VisionQuesT Contemporary Photography
Piazza Invrea 4R GENOVA
Sir Thomas Overbury nel suo poema “A Wife” (1613) scriveva: All the carnal beauty of my wife is but skin-deep (tutta la bellezza carnale di mia moglie non è che superficiale). Ma come affrontare il fascino eterno della carne e il modo in cui viene confuso con le questioni “sottocutanee”, soprattutto per quanto riguarda quella parte del corpo più inafferrabile: l’anima?
Qual è la ragione per cui vogliamo possedere un bel fiore al culmine della sua fioritura, se un giorno andrà a perdere i suoi petali? Inseguiamo ephemeron a nostro rischio e pericolo. Fin dall’antichità abbiamo cercato di abitare un universo alternativo, consegnando e attribuendo alla bellezza superficiale caratteristiche funzionali ad un’idea, come per esempio nel mondo greco e romano in cui la proporzione e l’armonia erano non solo indice di bellezza, ma di bontà e virtù. La kalokagathìa infatti indicava nella cultura greca del V secolo a.C. l’ideale di perfezione fisica e morale dell’uomo.

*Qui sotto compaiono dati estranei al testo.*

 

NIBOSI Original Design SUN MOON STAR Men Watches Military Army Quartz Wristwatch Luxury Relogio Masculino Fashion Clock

Cambiati i secoli e cambiati i canoni e le idee di bellezza, non ne sono cambiate le effimere qualità, perché effimeri ne sono i canoni di valutazione.

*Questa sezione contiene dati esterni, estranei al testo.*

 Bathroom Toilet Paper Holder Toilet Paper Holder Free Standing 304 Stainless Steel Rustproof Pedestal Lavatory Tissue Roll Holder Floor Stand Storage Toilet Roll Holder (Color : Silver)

SKIN DEEP non vuole essere un trattato, un’analisi dettagliata e profonda sull’estetica dei significati attribuiti alla bellezza della carne, in particolare nell’arte, ma proporre l’esplorazione, la pulsione desiderante di sei modalità dello sguardo scaturite da mondi e realtà diverse, che sfiorano i corpi raccontandoci e raccontandosi le loro esperienze e i lori pensieri sul concetto di Bellezza.